-- AVAILABLE RECORDS --

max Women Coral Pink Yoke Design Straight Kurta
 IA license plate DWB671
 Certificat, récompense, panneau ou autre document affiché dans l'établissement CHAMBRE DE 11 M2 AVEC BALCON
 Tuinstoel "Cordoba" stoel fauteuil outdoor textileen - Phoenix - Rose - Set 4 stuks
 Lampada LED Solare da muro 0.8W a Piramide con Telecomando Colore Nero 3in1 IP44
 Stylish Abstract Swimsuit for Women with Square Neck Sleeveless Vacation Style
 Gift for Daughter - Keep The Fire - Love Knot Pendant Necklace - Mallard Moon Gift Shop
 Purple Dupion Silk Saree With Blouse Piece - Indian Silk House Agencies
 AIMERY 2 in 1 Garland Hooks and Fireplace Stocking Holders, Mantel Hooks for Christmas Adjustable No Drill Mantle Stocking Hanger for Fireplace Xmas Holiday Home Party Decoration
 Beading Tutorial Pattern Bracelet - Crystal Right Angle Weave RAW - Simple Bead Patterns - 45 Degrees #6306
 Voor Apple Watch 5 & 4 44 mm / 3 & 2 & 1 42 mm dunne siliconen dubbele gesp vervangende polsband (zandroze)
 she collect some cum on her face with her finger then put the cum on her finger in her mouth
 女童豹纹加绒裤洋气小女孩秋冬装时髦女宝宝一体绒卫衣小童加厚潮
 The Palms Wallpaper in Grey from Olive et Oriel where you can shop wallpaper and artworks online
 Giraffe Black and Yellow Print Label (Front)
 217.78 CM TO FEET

-- REQUIRED WORK --
Up to and including the final line of the data above, please copy every line exactly, starting from the one that contains "Voor Apple Watch".

-- ANSWER FOR THIS EXERCISE --
 Voor Apple Watch 5 & 4 44 mm / 3 & 2 & 1 42 mm dunne siliconen dubbele gesp vervangende polsband (zandroze)
 she collect some cum on her face with her finger then put the cum on her finger in her mouth
 女童豹纹加绒裤洋气小女孩秋冬装时髦女宝宝一体绒卫衣小童加厚潮
 The Palms Wallpaper in Grey from Olive et Oriel where you can shop wallpaper and artworks online
 Giraffe Black and Yellow Print Label (Front)
 217.78 CM TO FEET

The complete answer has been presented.